La niña mayor no pudo evitar tirar del dobladillo de Lin Caixia y susurró:
—Mamá, danos un bocado de bollo al vapor, solo uno.
Las dos niñas delgadas y pálidas tenían grandes ojos llenos de súplicas.
Lin Caixia estaba totalmente inmutable y sacudió su mano.
—Comer, comer, comer, eso es todo lo que saben.
¿Ya he comido yo?
Aún así quieren comer.
Dar a luz a ustedes fue verdaderamente mi peor infortunio…
Las dos niñas se encorvaron ligeramente, con las manos cubriendo sus estómagos marchitos, totalmente sin fuerzas, su visión oscureciéndose.
Sin hacer un sonido, la madre y las hijas regresaron a la casa.
La casa estaba lamentablemente deteriorada.
Había una cama rota, ni siquiera una mesa, y junto a la pared había un cofre roto que incluso una rata pensaría dos veces antes de visitar.

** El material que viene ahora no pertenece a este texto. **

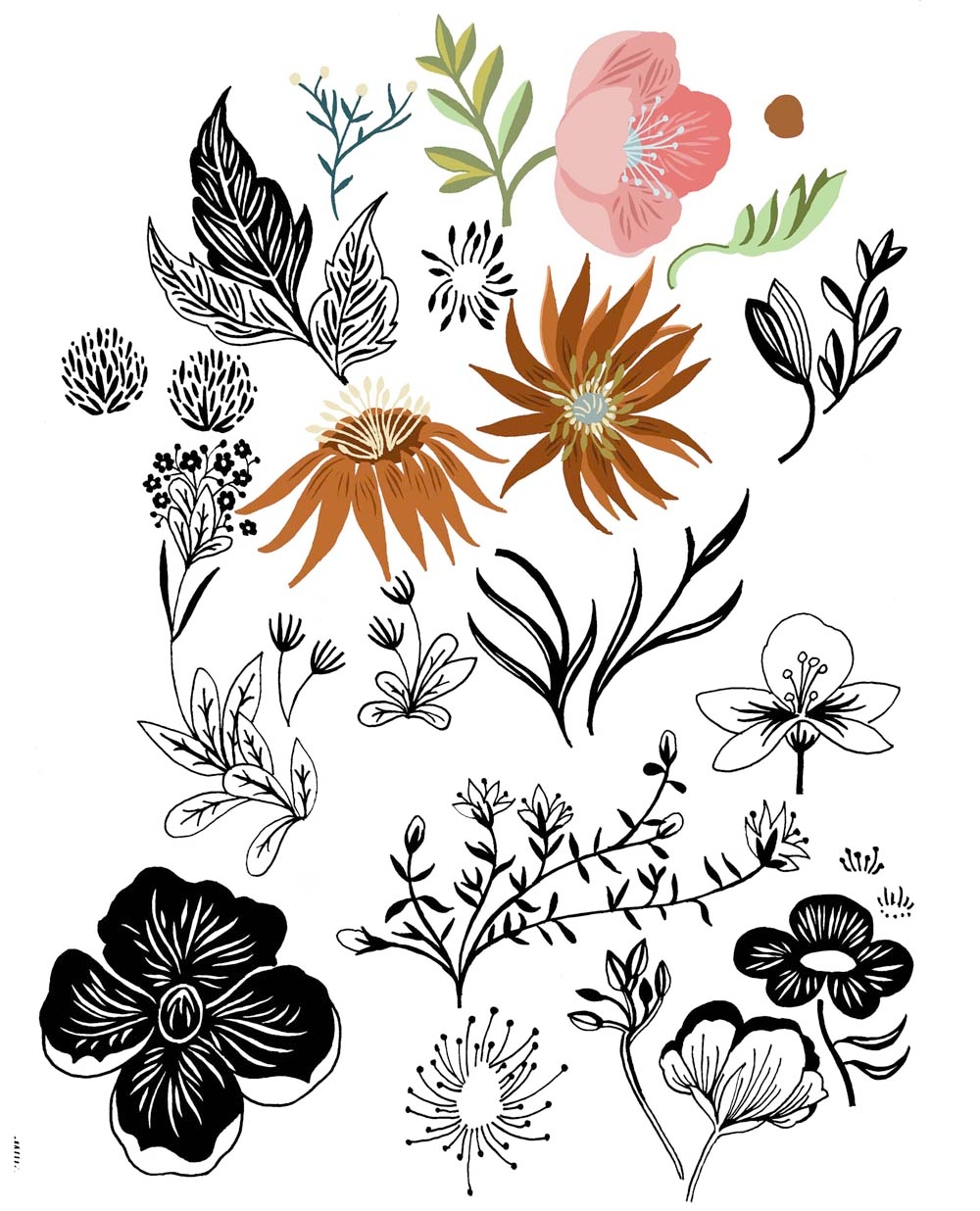 1000x1236 27 Tips For Drawing Flowers And Plants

Además de eso, solo había cosas como escupideras y pequeñas cestas, todas sin excepción rotas y viejas.
Siendo niñas, Yang Xiaocao y Yang Xiaomiao eran tan invisibles en la Familia Yang, y las hermanas ni siquiera tenían una cama.

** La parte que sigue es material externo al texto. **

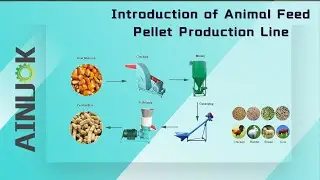 2022 Animal Feed Pellet Machine Production Line Introduction and Test Video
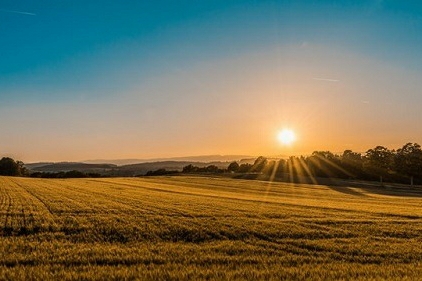 The Miracle Morning: The 6 Habits that Will Transform Your Life Before 8 a.m. The Miracle Morning: The 6 Habits that Will Transform Your Life Before 8 a.m.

Su zona de dormir era un rincón acolchado con malas hierbas y trapos rotos.
En ese momento, las dos hermanas estaban acurrucadas en el rincón.
Solo la luz de la luna, que entraba por la pequeña ventana de madera, caía sobre ellas, que era toda la luz que tenía toda la habitación.
Lin Caixia estaba acostada en la cama, respirando tranquilamente como si eso ayudara a mantener a raya el hambre.
Yang Xiaomiao olfateó su mano, el dulce aroma del bollo al vapor había desaparecido hace tiempo.
La decepción brilló en sus ojos…
—Si tan solo hubiera rechazado cuando su abuela le lavó las manos.
—Hermana, ese bollo era realmente sabroso —dijo Yang Xiaomiao con voz suave.
—Duerme, no sentirás hambre una vez que te duermas —Yang Xiaocao tragó saliva—.
Después de decir esto, acarició la espalda de su hermana.
Yang Xiaomiao se frotó el estómago vacío y cerró los ojos.
Al mismo tiempo, en la Familia Lin.
Después de comer, Gu Yingzhou planeó montar su bicicleta para llevar a Lin Tang de vuelta al condado.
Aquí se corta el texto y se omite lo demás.